En 2014 conoció a Karen. La primera vez que se vieron fue en un hotel de Villavicencio. Él acompañaba a su papá a dar una conferencia y ella iba a un taller de inglés. La relación se consolidó en 2015 y en noviembre de ese año se casaron. Karen no le pregunta sobre sus años en la selva. “Lo que sí hace es de buena escucha porque cuando la paloma viene y me ilumina con algún pasaje especial acerca del secuestro, se lo narro. Cuando tengo frescos los recuerdos le explicó a ella lo que pasó y trato de grabar para luego escribir, pero siempre necesito a alguien a quien contarle porque de lo contrario se me olvida”.

Sin embargo, hay ciertos momentos que se quedaron fijos en la memoria. Pablo Emilio se acuerda con claridad cuando el 9 de mayo de 2009 lo separaron del grupo de secuestrados. Libio José Martínez, el único de sus compañeros de la toma a Patascoy que quedaba en cautiverio (los otros 16 fueron liberados en junio de 2011) y quien después se convirtió en el secuestrado con más tiempo en manos de las Farc, le dijo: “dele gracias a Dios que usted sale vivo. Nosotros, ‘jueputa’, sabemos que acá no tenemos esperanzas, de acá no vamos a salir. Así que vaya, disfrute su vida huevón”. La guerrilla asesinó a Martínez en noviembre de 2011 como respuesta a un intento de rescate militar por parte del Ejército. Nunca pudo conocer a su hijo. Otros tres secuestrados fueron ejecutados ese día: los policías Edgar Yesid Duarte, Elkin Hernández y Álvaro Moreno.

Por más dolor que le traigan las palabras de Martínez, Moncayo es consciente de que tuvo la oportunidad que muchos no tuvieron. Su hija, Abigaíl, se llama así porque significa “la alegría del papá”. Nació en mayo de 2016. Dice que su vida cambió radicalmente con la paternidad porque pasó a girar en torno a Karen y Abigaíl. Ese mismo año fueron a un viaje al Valle y a Putumayo. Cuando volvieron a su casa, en Villavicencio, la encontraron revolcada. La pañalera de Abigaíl la habían desocupado y pusieron adentro un cuchillo. En la cama, del lado en el que se hacía Karen, dejaron un rifle. Les tocó dejar todo lo que tenían en Colombia. El país que les dio refugio agilizó los trámites ante la gravedad de las amenazas y ese mismo año se fueron del país.

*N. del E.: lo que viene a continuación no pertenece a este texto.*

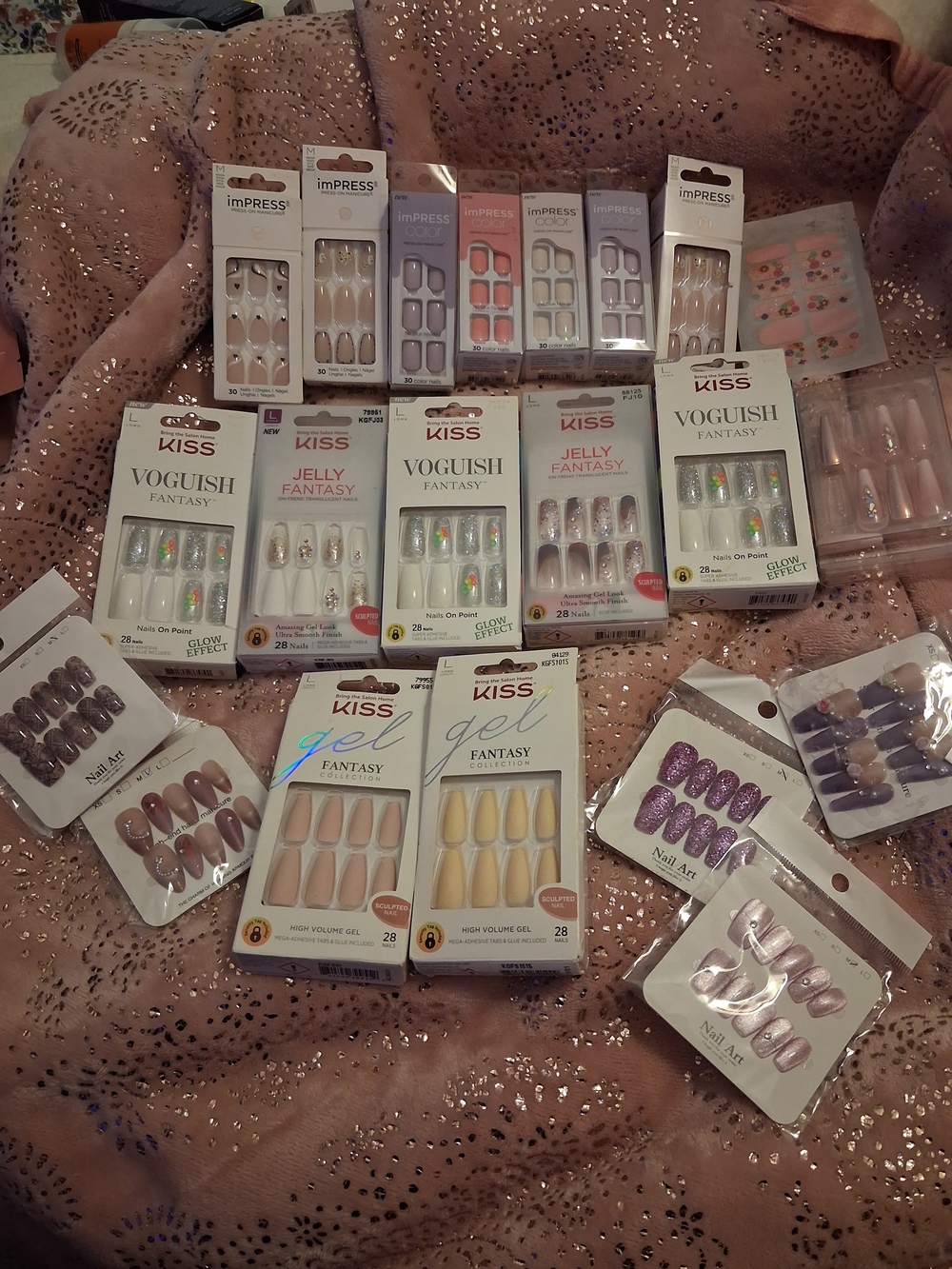 Kiss Assorted Press-On Nails Set — Neutral, Pink, Purple, Glitter, Nude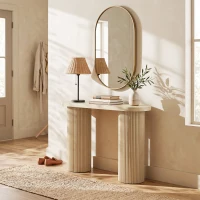 HOMCOM Consolă canelată, depozitare ascunsă, picioare-coloană, stil rustic, consolă de intrare îngustă, 103x35x80cm Stejar(m-4)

“A mí me duele Colombia porque podemos recibir y tener mucho más, pero no tenemos ese espíritu indómito que tienen los indígenas del Ecuador, que tumban presidentes y paralizan el país. En Colombia todo es jocoso. Las marchas que convocaron el año pasado las dejaron permear por la liviandad y entonces ya salieron fue a rumbear, a conseguir novia. Así la gente no va a conseguir que les respeten los derechos. Les van a seguir metiendo los dedos a la boca con novelas, realities. Los vuelven a hechizar otros cuatro años y vuelve y juega la misma compra de votos, la misma corrupción y sigue el círculo vicioso. A mí me duele ver eso porque uno espera que todo prospere para bien de todos, que todo el mundo disfrute con dignidad de una vida tranquila y en paz”.

Moncayo dice que disfruta de poder sentir calor y frío, de la alegría de su familia y de jugar con sus hijos. En Colombia, donde fue un símbolo contra el secuestro, no encontró la tranquilidad que buscó tras 12 años de cautiverio: los parajes de una tierra desconocida y vecinos que no saben de sus días en la selva le dieron lo que su patria le negó.